Outcome-Based Model Routing
Task outcomes (success/failure) are tracked per model. Pilot uses this data to automatically select the best model for each task type:
- Haiku — trivial tasks (typos, config changes, simple additions)
- Sonnet — simple to medium complexity (feature additions, bug fixes)
- Opus — complex tasks (architecture changes, multi-file refactors)
If a model fails more than 30% of a task type, Pilot auto-escalates to a more capable model. This means the system self-corrects its routing decisions based on real outcomes.
Task classified as "simple" → Routed to Sonnet
→ Sonnet fails 3 of 8 similar tasks (37.5%)

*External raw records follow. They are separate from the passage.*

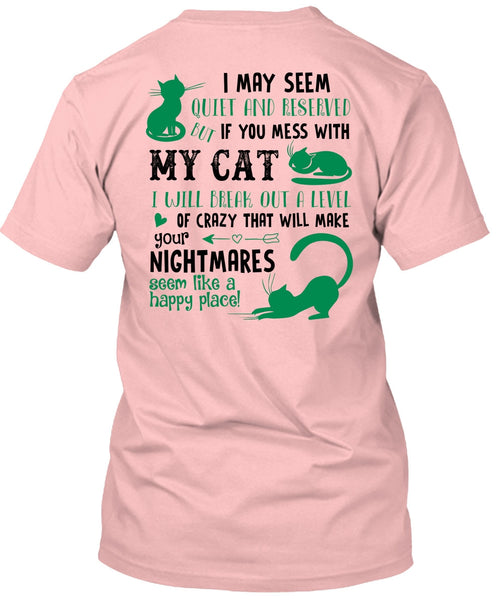 You Mess With My Cat T Shirt, Nightmares T Shirt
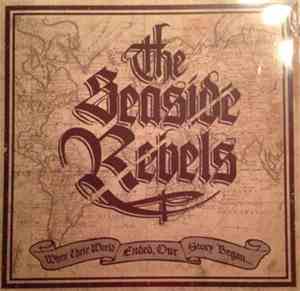 Seaside Rebels - When Their World Ended, Our Story Began...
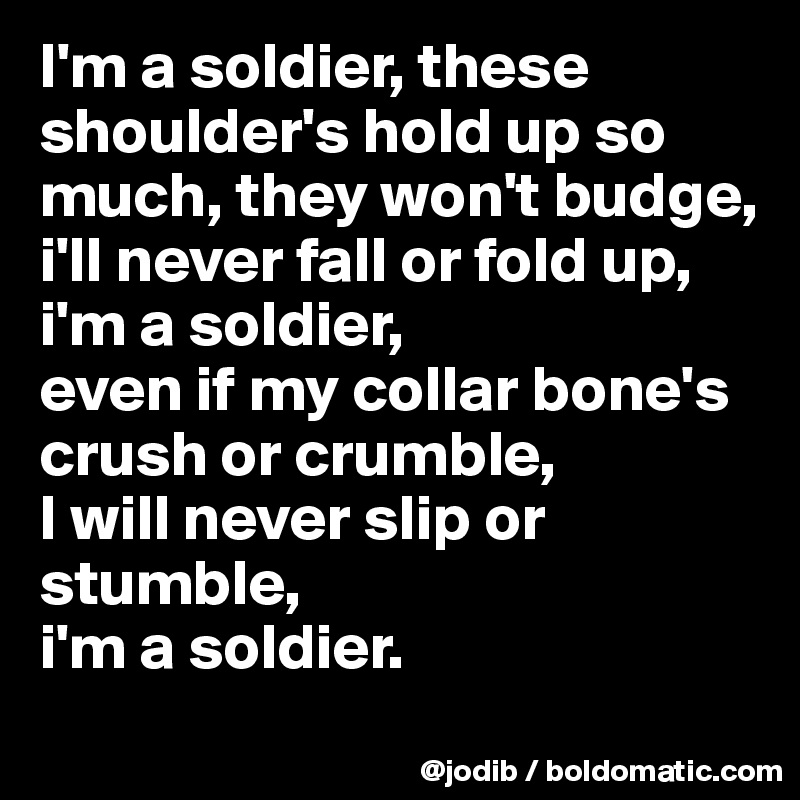 I'm a soldier, these shoulder's hold up so much, they won't budge, 
i'll never fall or fold up,
i'm a soldier, 
even if my collar bone's crush or crumble, 
I will never slip or stumble, 
i'm a soldier.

→ Future similar tasks auto-escalated to OpusConfiguration
executor:
learning:
enabled: true # Enable the learning system
pattern_extraction: true # Extract patterns from PR reviews
ci_failure_learning: true # Learn from CI failure logs
self_review:
enabled: true
pattern_checks: true # Check code against learned patterns
acceptance_criteria: true # Verify acceptance criteria in issues
model_routing:
enabled: true
failure_threshold: 0.3 # Auto-escalate above 30% failure rateThe learning system is enabled by default. Disable pattern_extraction if you want Pilot to operate without learning from reviews (e.g., in CI-only environments).
How It All Connects
┌─────────────┐ ┌──────────────┐ ┌─────────────────┐
│ PR Reviews │───▶│ Pattern │───▶│ Anti-Pattern │
│ CI Failures │ │ Extraction │ │ Injection │
│ Self-Review │ │ │ │ (future prompts)│
└─────────────┘ └──────────────┘ └─────────────────┘
│
▼
┌──────────────┐ ┌─────────────────┐
│ Outcome │───▶│ Model Routing │
│ Tracking │ │ Auto-Escalation │
└──────────────┘ └─────────────────┘Each execution makes the next one better — Pilot continuously improves its code quality, reduces CI failures, and optimizes model selection.